Gravity Mill - any comments to this idea?

[hartiberlin]

@2tiger,
you always calculate the case, where the shuttle goes down to its
own weight.
We are discussing always the other case over here,
where the shuttle itsself has no weight ( only a few grams for the plastic case that can be
overlooked) and pushes the whole water column above it up due to its buoyance forces.

Please only calculate for this case.
Also you use only the pressure forumula P= F/A for calculation.
If you have a nozzle, then you need to calculate in water streaming and
water velocities in it and before it , etc.. and also the exit profile of the nozzle counts in,
only then you can calculate how high the water will rise.

So please calculate to have a good nozzle directly at sealevel= 0 Meter
and have a shuttle weight= 0 Kg and have for instance a shuttle volume
of 10 Liter = 10 Kg and have an area of 100 cm^2 surface area of the shuttle
at its top and also the same at the bottom and have the
shuttle started at 10 Meters deepth to go up.

So the shuttle is 1 Meter high and has 100 Liters of water  above it.
the main pipe will then have a diameter of 11,28 cm that is about 4,429 inches.

So how high will the water rise up after the nozzle output ?
Thanks.
Regards, Stefan.

[hartiberlin]

P.S: With the calculation of the hydrostatic pressure paradoxon
to my opinion, if you take any diameter 1 Meter high  exit tube instead
of the nozzle ,then the shuttle would be in equilibrium forces and would not
rise and stay in 10 Meters deepth.

[hartiberlin]

why do you think this will make the water go higher?  will you attach a pump to the nozzle?

Well, maybe if will use a small diameter  exit tube instead of a nozzle,
we might try to evacuate the upper water reservoir to 1/2 bar pressure,
before starting the experiment and see, if this needs less energy, than we
gain by sucking this way the water up maybe also a few meter more ?

I have to calculate this with the gas pressure laws and see, if this will
bring in any gain ?

[hartiberlin]

Well, I had another thought onto how to use the Hydrostatic paradoxon
not negatively as in the Gravity Mill but positively.

Well, if you look again at the Cartesian diver:







Then you can see, that the upper opening of the bottle,
where the blue cap is, is pretty small.
If we need now to pressure the bottle to sink the diver
we could just place  a weight onto the opening of the bottle at the water surface.
The smaller the opening of the bottle is, the smaller must be the weight to
get the same pressure inside the water as:

P= F / A and
F= mass x 9,81

So if we make the opening of the  bottle very small, say only 0.1 cm^2 we can use
a small weight to get a huge water pressure inside the water bottle.

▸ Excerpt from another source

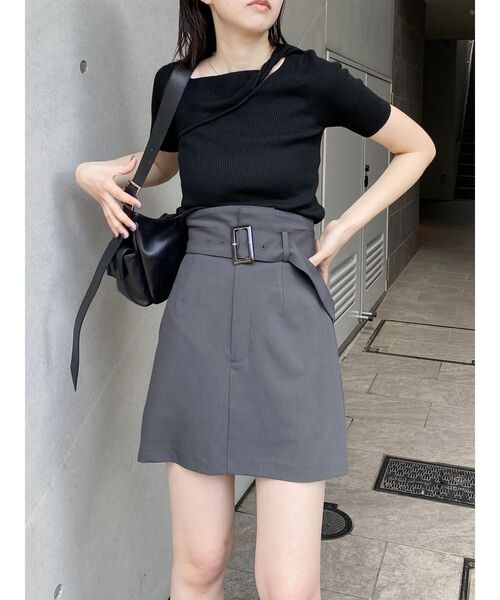 MURUA（ムルーア）の「【SET UP対応】ハイウエストベルトミニスカート（スカート・レディース・ブルー/ダークグレー/ブラウン・1/2）」の22枚目の写真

So if we want to sink and rise the diver, which is connected to a generator for output
generation, we only need to lift a small weight up and down a few Millimeters
and thus do for the input only a very small lifting work of the weight that puts
pressure onto the water.


With the Cartesian diver we just convert a STATIC Weight force
into a moving work force=
usefull energy-work output !

What do you think ?

Regards, Stefan,

[tbird]

hi guys,

in for lunch and had to ask.  did you guys lose sight of the fact the elsa is just a pump?